(RECORDS SUPPLIED Opens)

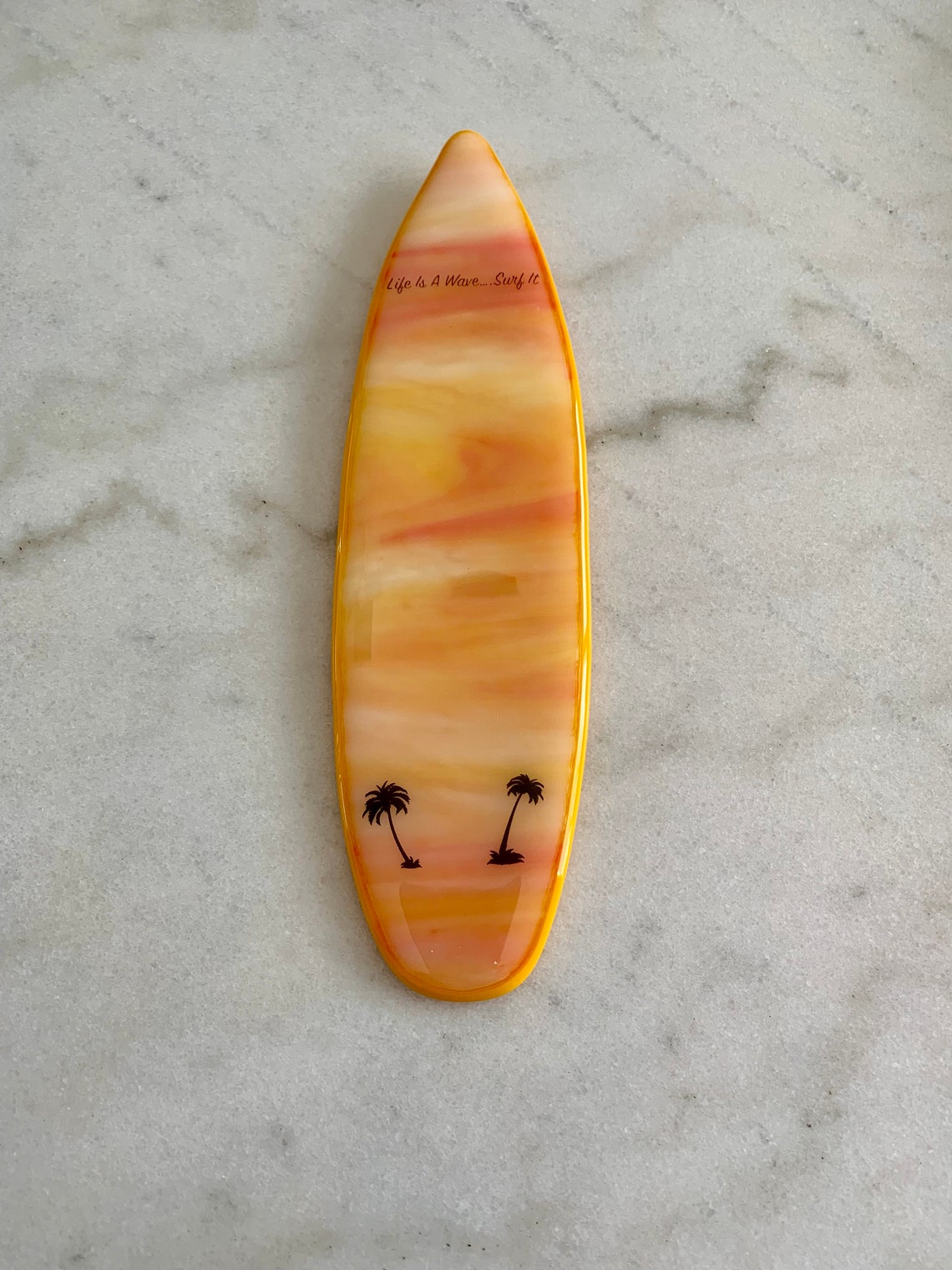 Fused Glass Surfboard Etsy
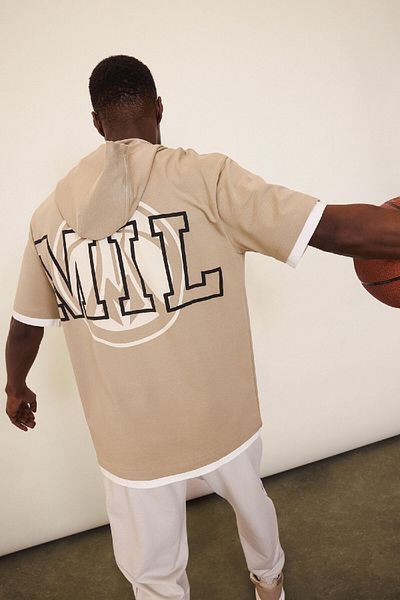 DeFacto Μπλουζάκι Nba Milwaukee Bucks Wide Fit Kapousolu με πέτο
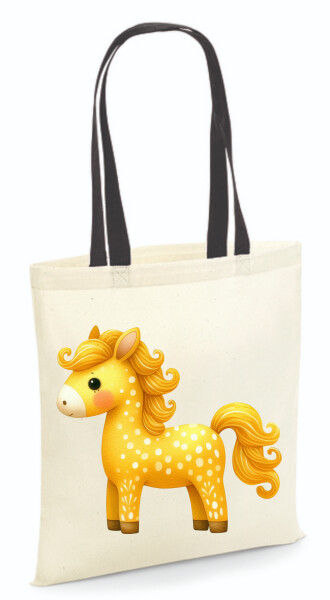 Vászontáska - színes fülű 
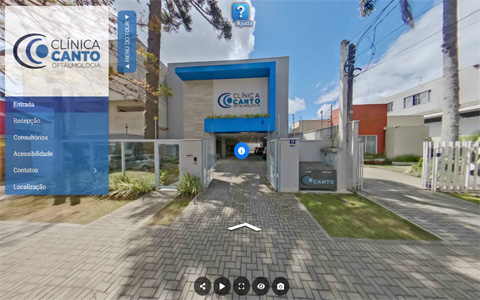 Imagem inicial do tour virtual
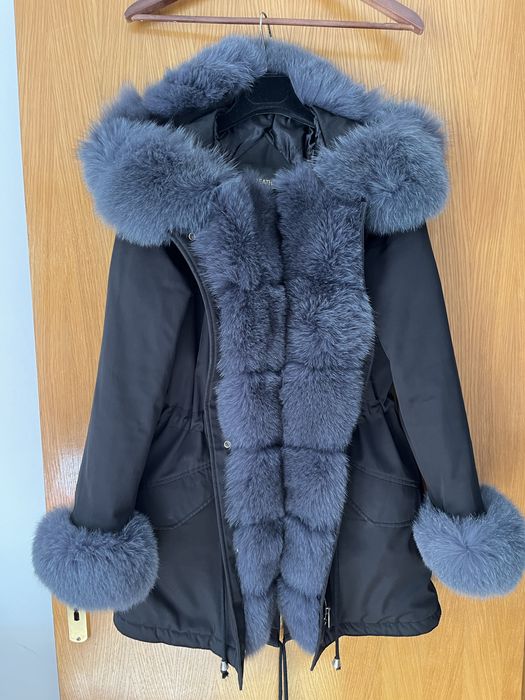 Geaca Parka blana naturala vulpe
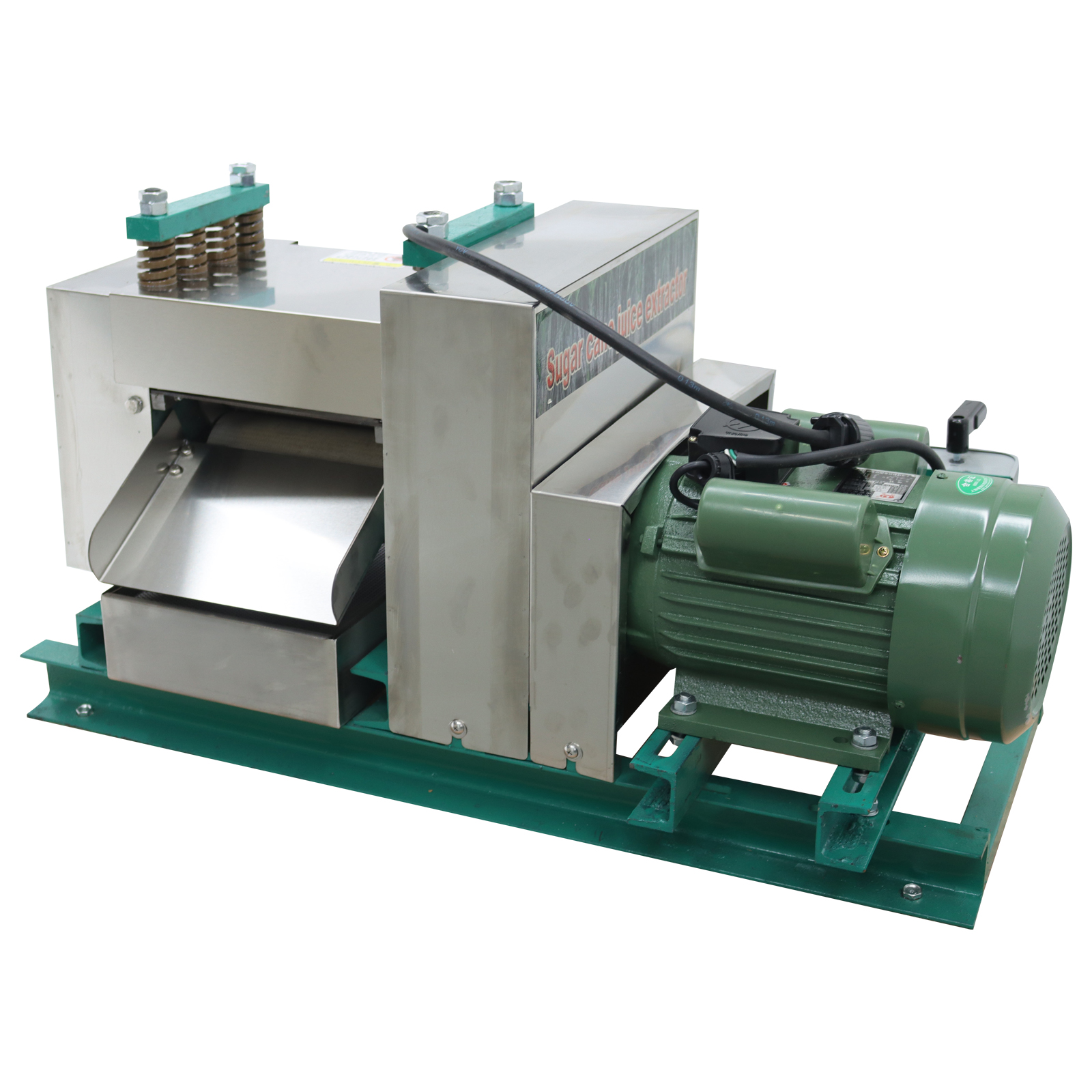 Industrial 3 Rollers Electric Sugarcane Juicer Stainless Steel Sugar Cane Press Juice Machine 220V 3500W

(RECORDS SUPPLIED Closes)

*EXERCISE INSTRUCTIONS:*
Word for word, restate all of the data, but do not copy the pictures.

*PROBLEM SOLUTION:*
 Fused Glass Surfboard Etsy
 DeFacto Μπλουζάκι Nba Milwaukee Bucks Wide Fit Kapousolu με πέτο
 Vászontáska - színes fülű 
 Imagem inicial do tour virtual
 Geaca Parka blana naturala vulpe
 Industrial 3 Rollers Electric Sugarcane Juicer Stainless Steel Sugar Cane Press Juice Machine 220V 3500W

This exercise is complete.